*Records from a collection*

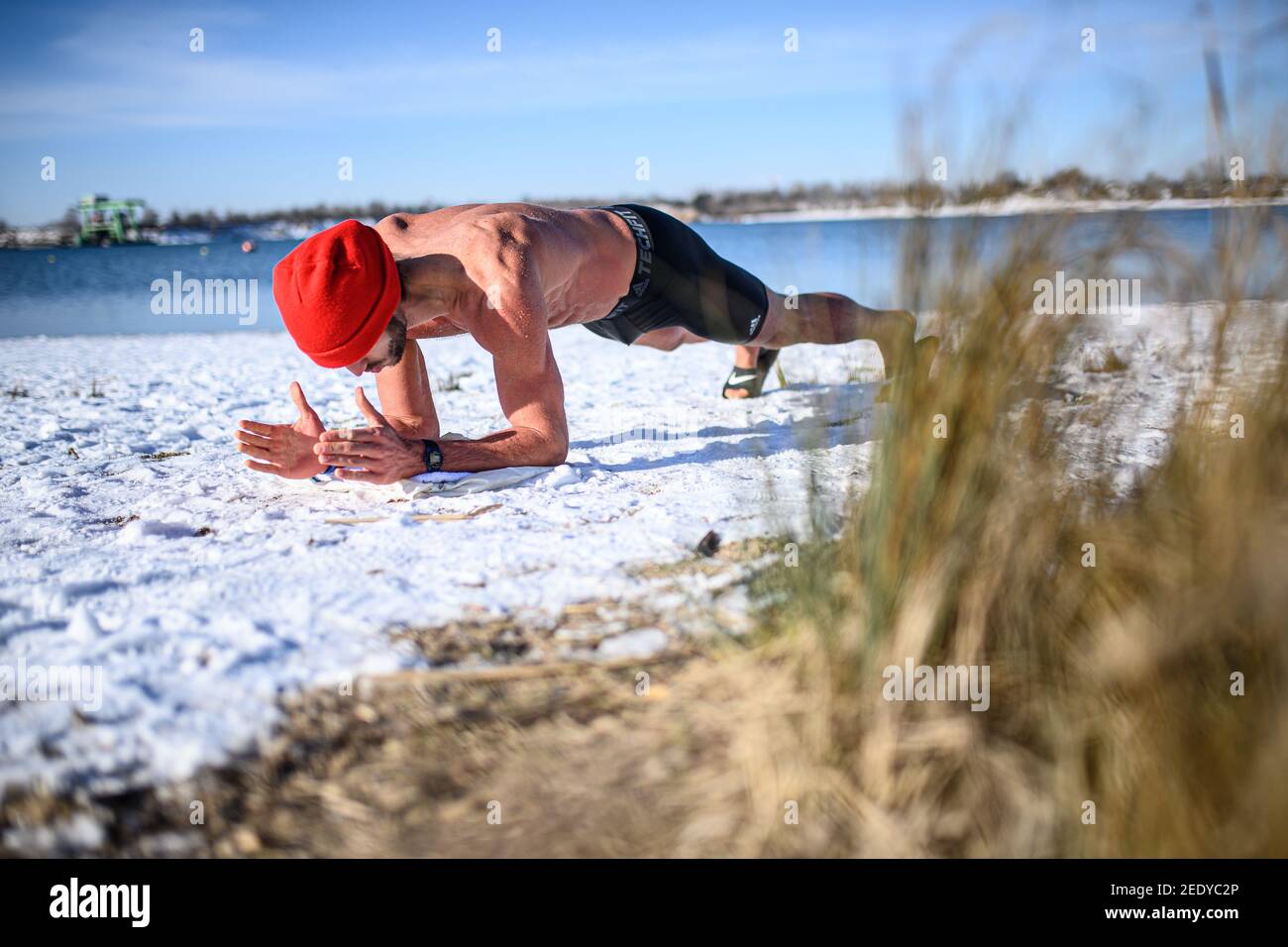 Der Basketballspieler Adam Pechacek (PSK Lions) geht regelmäßig zum Epplesee in Forchheim zum Winterschwimmen als Trainingsmethode. GES/Basketball 2. Bundesliga-Wintertraining 02/14/2021 der Basketballspieler Adam Pechacek vom PSK Lions Karlsruhe besucht den Epplesee, einen See in der Nähe von Karlsruhe zum Winterschwimmen als Trainingsmethode. Basketball: 2nd Deutsche Bundesliga: Winter Training Session, Rheinstetten 14. Februar 2021 - weltweite Nutzung Stockfoto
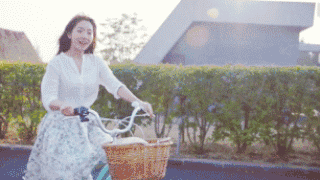  碎花穿不好是土，穿好了你就是浪漫公主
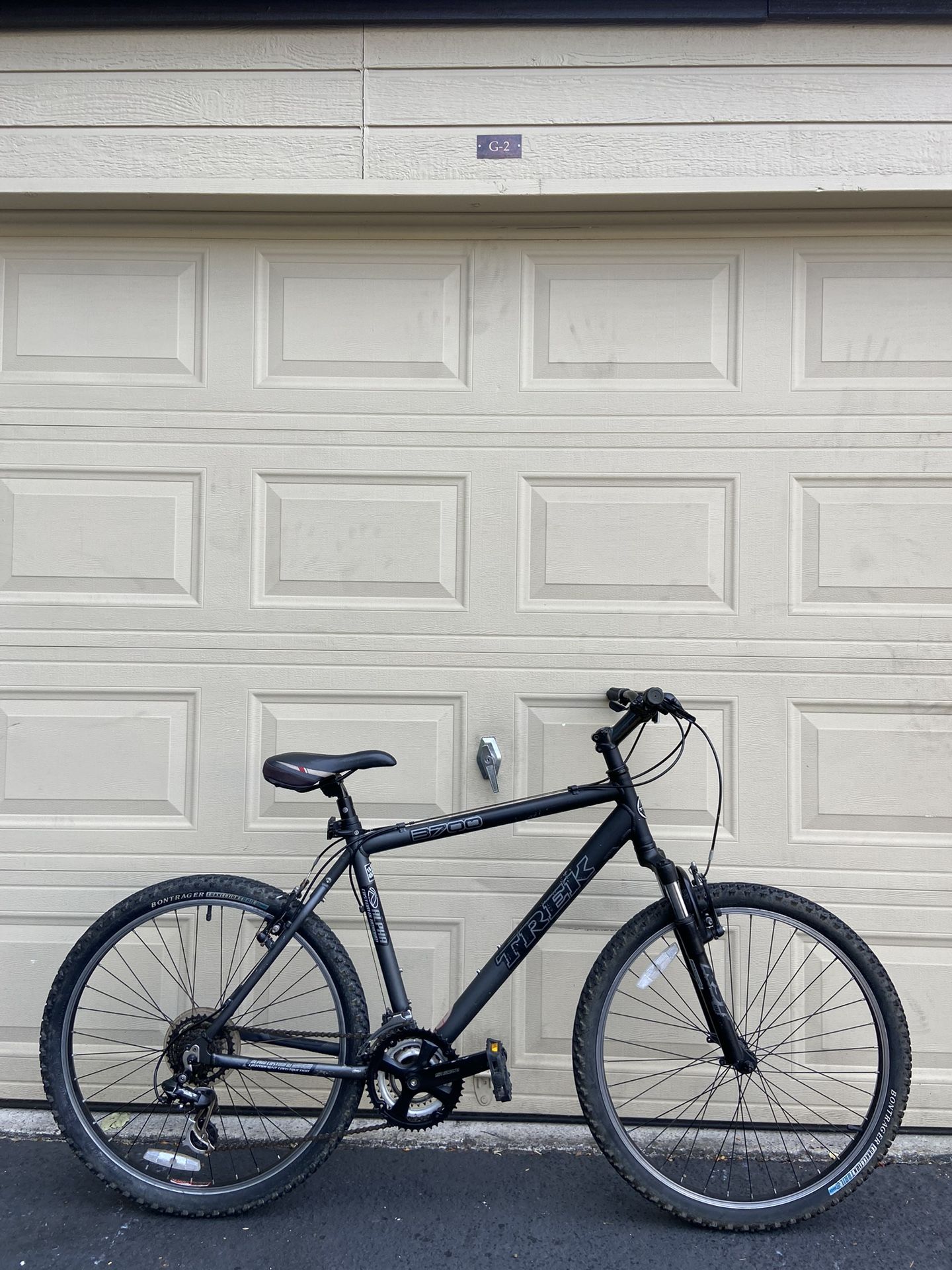 Trek 3700 Mountain Bike – 19.5” Frame – 26” Wheels – Shimano Acera 21-Speed Bicycle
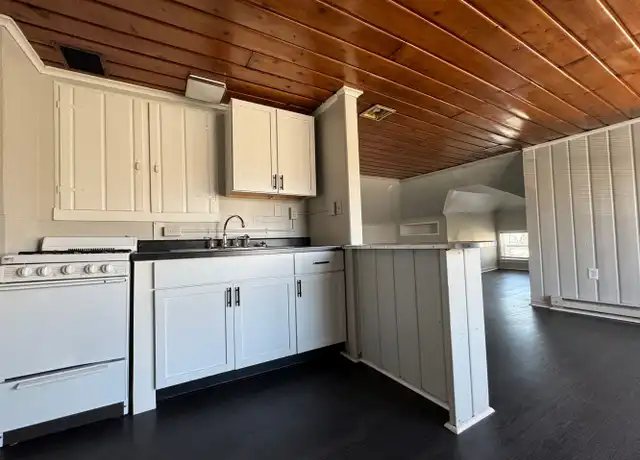 Property at 1527 Ohio St Apt 4, Terre Haute, IN, 47807, 1 bed, 1 bath, [object Object]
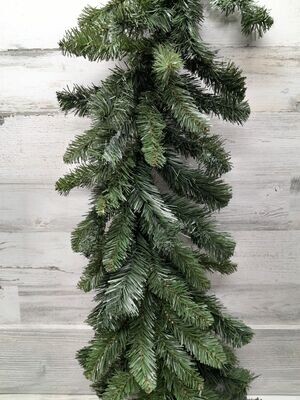 9&#39;x14&quot; Deluxe Roanoke Pine Garland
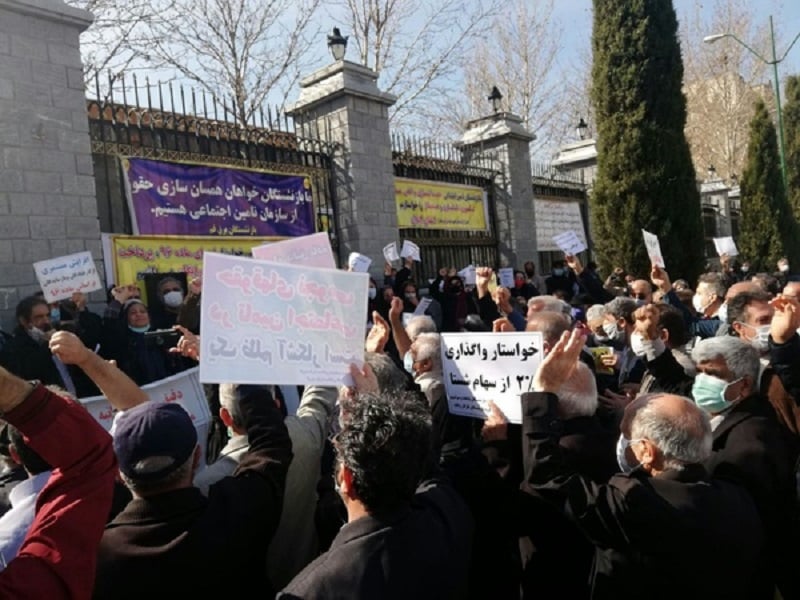 Iranian pensioneers protest against the state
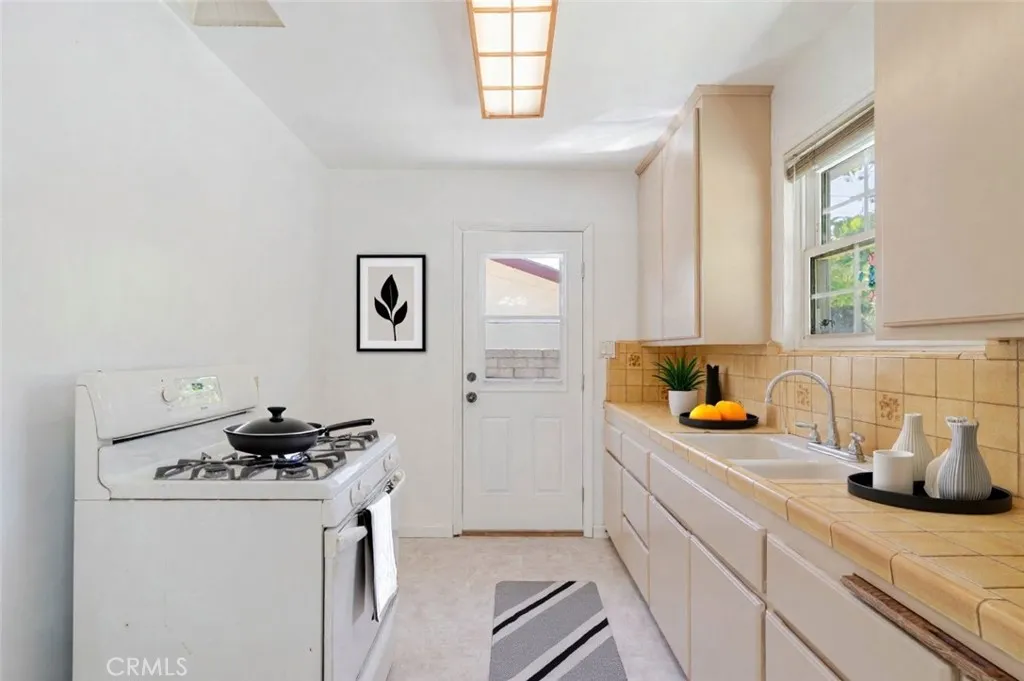 Additional image 65 of 2477 Richelieu Avenue, Los Angeles, CA 90032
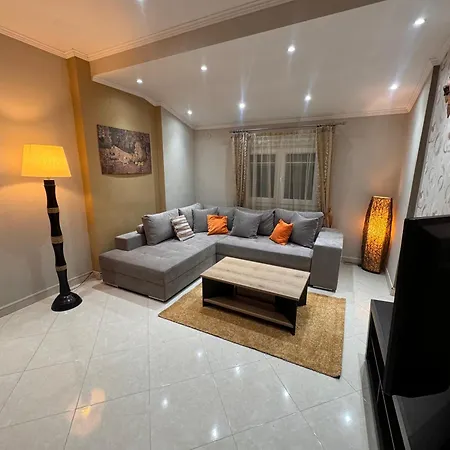 Alrose Apartamento *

*EXERCISE DESCRIPTION*
Leave the pictures out and reproduce every record above exactly.

*WRITTEN ANSWER*
 Der Basketballspieler Adam Pechacek (PSK Lions) geht regelmäßig zum Epplesee in Forchheim zum Winterschwimmen als Trainingsmethode. GES/Basketball 2. Bundesliga-Wintertraining 02/14/2021 der Basketballspieler Adam Pechacek vom PSK Lions Karlsruhe besucht den Epplesee, einen See in der Nähe von Karlsruhe zum Winterschwimmen als Trainingsmethode. Basketball: 2nd Deutsche Bundesliga: Winter Training Session, Rheinstetten 14. Februar 2021 - weltweite Nutzung Stockfoto
  碎花穿不好是土，穿好了你就是浪漫公主
 Trek 3700 Mountain Bike – 19.5” Frame – 26” Wheels – Shimano Acera 21-Speed Bicycle
 Property at 1527 Ohio St Apt 4, Terre Haute, IN, 47807, 1 bed, 1 bath, [object Object]
 9&#39;x14&quot; Deluxe Roanoke Pine Garland
 Iranian pensioneers protest against the state
 Additional image 65 of 2477 Richelieu Avenue, Los Angeles, CA 90032
 Alrose Apartamento *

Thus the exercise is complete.